SUNGGUH sangat mengerikan. Lebih dari 100 anak meninggal di Indonesia dalam rentang waktu yang sangat pendek. Penyebab kematiannya juga mengejutkan: gagal ginjal.
Sejak merebak pada Agustus 2022, sudah ada 241 kasus di 22 provinsi, dengan jumlah anak-anak yang meninggal mencapai 133 orang atau 55 persen dari total kasus.
Atas kasus yang terasa mendadak ini, pemerintah sempat mengkategorikan kejadian ini sebagai kasus yang misterius.
Namun demikian, beberapa hari lalu telah diputuskan langkah antisipatif sebagai upaya pencegahan supaya kasus ini tidak semakin menjalar jauh.

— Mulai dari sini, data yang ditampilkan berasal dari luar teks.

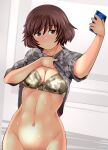  1girl akiyama_yukari bangs blush bottomless bra breasts brown_eyes brown_hair camouflage camouflage_bra cellphone cleavage closed_mouth clothes_lift commentary dutch_angle eyebrows_visible_through_hair frown girls_und_panzer grey_bra grey_shirt groin holding holding_phone lifted_by_self looking_at_viewer medium_breasts messy_hair navel out-of-frame_censoring phone shirt shirt_lift short_hair short_sleeves smartphone solo standing sweat tanaka_rikimaru underwear 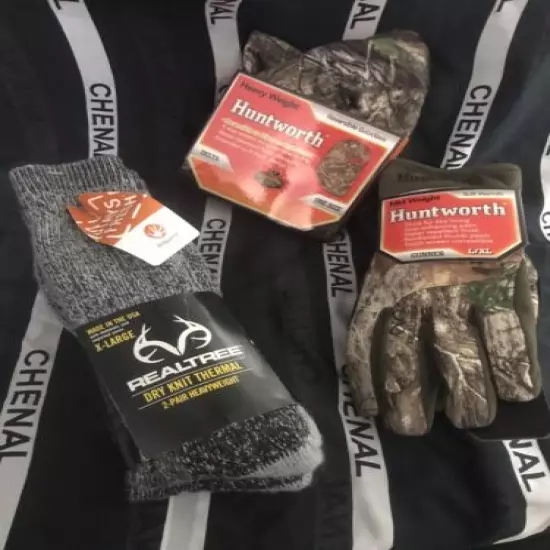 HUNTWORTH REALTREE Midweight Gloves Dry Knit Thermal Balaclava Face Mask New !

Langkah yang dikeluarkan tersebut di antaranya adalah dengan meminta tenaga kesehatan atau fasilitas layanan kesehatan untuk sementara tidak meresepkan obat-obat dalam bentuk sirup atau sediaan cair. Ada indikasi salah satu penyebab kejadian ini karena adanya kontaminan senyawa kimia tertentu.
Kemudian, tanpa menunggu lama dan dengan ‘gerak cepat’ pemerintah, masyarakat sudah mendapatkan info terkait daftar obat-obat yang harus diwaspadai.
Bahkan di antaranya dinyatakan untuk ditarik segera akibat memiliki kandungan cemaran senyawa kimia tertentu tersebut.
Sebagai masyarakat awam, kita akhirnya mengenal nama-nama senyawa kimia itu. Mulai perlahan-lahan muncul kebingungan bagaimana nanti mengobati anak-anaknya jika sakit.
Misalnya terkena serangan demam panas. Kebingungan yang disebabkan dari kebiasaan yang sudah menahun. Turun temurun.
Ditambah lagi, itulah resep-resep yang selama ini dianggap manjur, disarankan secara legal, dan dikoar-koarkan melalui berbagai tayangan iklan.
Di balik semua itu, ada satu hal yang sangat penting untuk tidak dilupakan bahwa harus ada yang bertanggung jawab atas tragedi yang berujung kematian ini. Siapa yang harus bertanggung jawab?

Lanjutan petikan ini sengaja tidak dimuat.